Jean and Tom have the right of it. Or at least have it half right. The other reason he calls them "undergraduate atheists" is actually literal, but since you are both getting the book I'll leave it at that.

Looking forward to your future posts on this subject.

Faust said...

One warning about this book: he has this odd habit of laying out an assertion and then not answering it until several chapters later, or else he answers it in bits and pieces over several chapters. You pretty much have to read the whole thing and decide if you think he's argued his point sufficiently.

And he does warn at the beginning that in somse sense his book is a bit of a jeremaid.

Anyway, till then.

Jean Kazez said...

Tom, Funny...yesterday I was on the verge of emailing you and asking if I should read this book. Plus, I was going to ask if you remember Johnston visiting UA. But then I figured..."Just do it"...and ordered the book.

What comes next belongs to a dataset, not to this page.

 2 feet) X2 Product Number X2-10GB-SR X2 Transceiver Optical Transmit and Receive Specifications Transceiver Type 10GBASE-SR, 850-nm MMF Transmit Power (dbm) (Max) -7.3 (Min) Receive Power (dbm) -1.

I rather like the believing that/believing in point. Speaking of the bible, there's lots of discussion of the bible in Johnston. Should be interesting.

Jean Kazez said...

By the way (for anyone wondering) "mean Jean" is a nickname I somehow picked up in grad. school. It has nothing to do with my character. It just rhymes, THAT'S ALL. It was like how in high school people would say "Hi Jean, how's your hygiene?" When your name is "Jean" there are certain things you just have to put up with. Now that we've got that cleared up...

Faust said...

Well if there is one thing I haven't thought it's that you're mean. You seem a model of civility.

s. wallerstein said...

Maybe the "mean" has something to do with the Aristotelian mean. Jean is definitively not the fanatical or extremist type.

Faust said...

Golden Mean Jean?

:)

Tom said...

Uh, sorry about the "Mean Jean" thing. It just kinda came out and for a minute there I was back in the basement of the Social Sciences building on the Arizona campus. But I agree with Jean and Faust--if Jean has a mean bone in her body, I've never seen it.

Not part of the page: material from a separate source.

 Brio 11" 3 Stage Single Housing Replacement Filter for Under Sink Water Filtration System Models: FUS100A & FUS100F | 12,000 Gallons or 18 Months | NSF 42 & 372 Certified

One other thing: I really didn't mean to be talking about the "exit"-ing of God last night. Although maybe I could start a new movement in liberal theology via my sleepy typos! God's not dead, He just slipped out for a bit. I'm sure He'll return eventually.

Jean Kazez said...

I think I was actually a tad more intense back in those days, so "Mean Jean" brings me back to a previous persona. Blush. It comes from having to do combat with super smart analytic philosophy types like Tom. :) In that setting, either you're intense, or you're turned into mince meat.

I'm a little worried about liberal theology... but let's save that for later. I have the feeling MJ's book's going to be liberal theology cubed.